Exercise details — Every line of the listing below from the one with "Suéter de cachemira" up to and including the one with "Rebecca Vallance Solana" should be retyped exactly, and nothing else; pictures are not part of the copy.

The data —
((

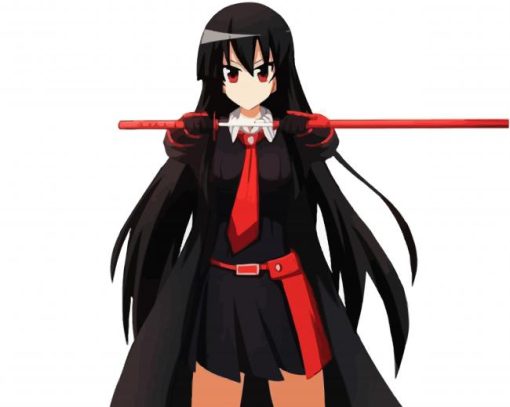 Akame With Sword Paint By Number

))
((

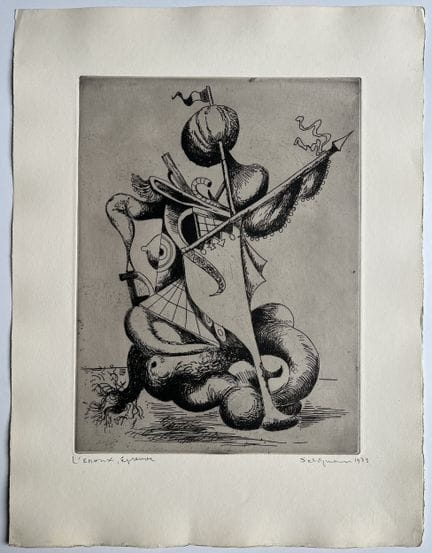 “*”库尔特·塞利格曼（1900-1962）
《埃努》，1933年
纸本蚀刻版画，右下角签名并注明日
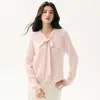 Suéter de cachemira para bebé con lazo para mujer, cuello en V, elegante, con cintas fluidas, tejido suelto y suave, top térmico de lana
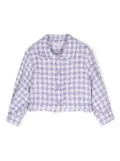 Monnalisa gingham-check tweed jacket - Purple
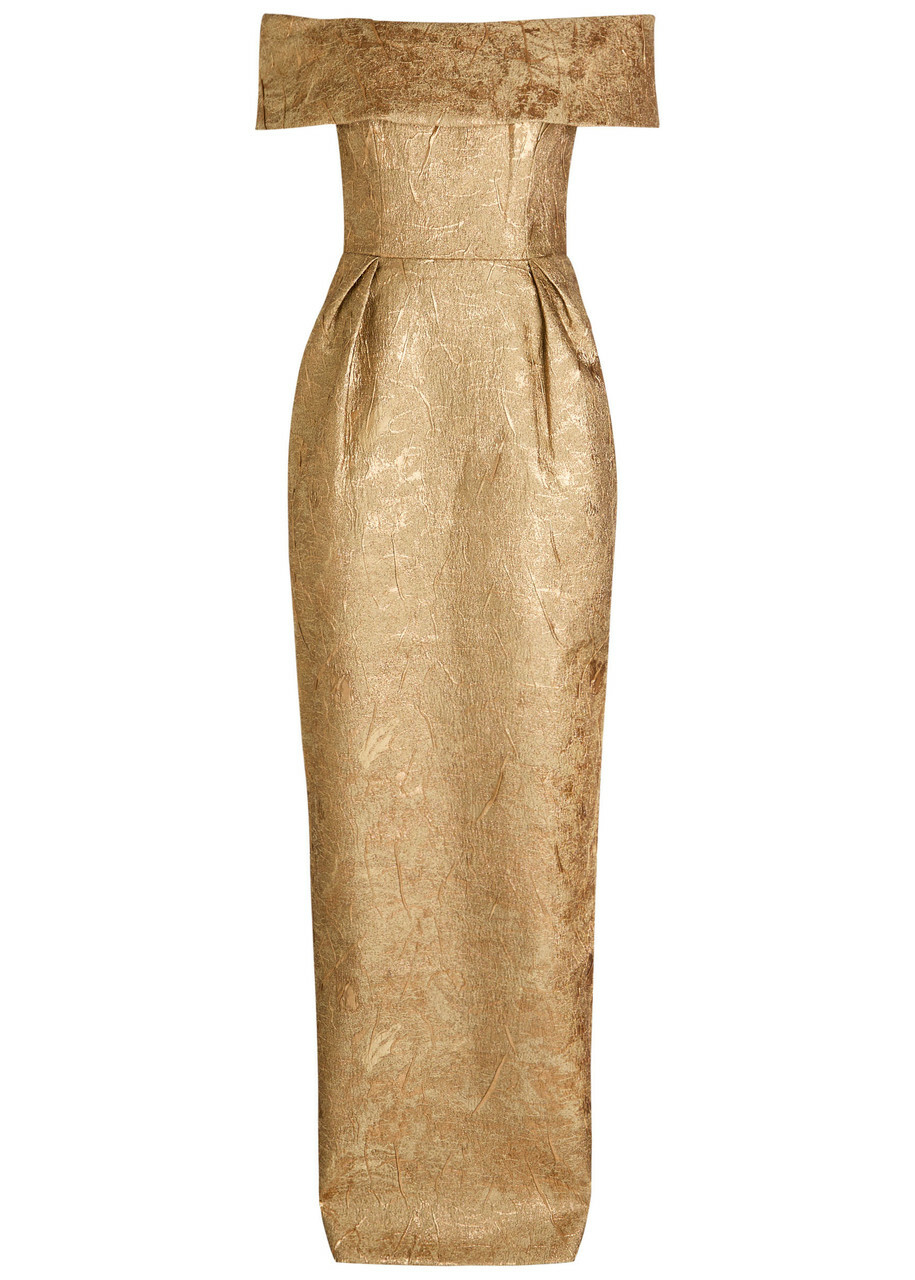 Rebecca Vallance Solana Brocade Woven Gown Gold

))

Solved problem —
 Suéter de cachemira para bebé con lazo para mujer, cuello en V, elegante, con cintas fluidas, tejido suelto y suave, top térmico de lana
 Monnalisa gingham-check tweed jacket - Purple
 Rebecca Vallance Solana Brocade Woven Gown Gold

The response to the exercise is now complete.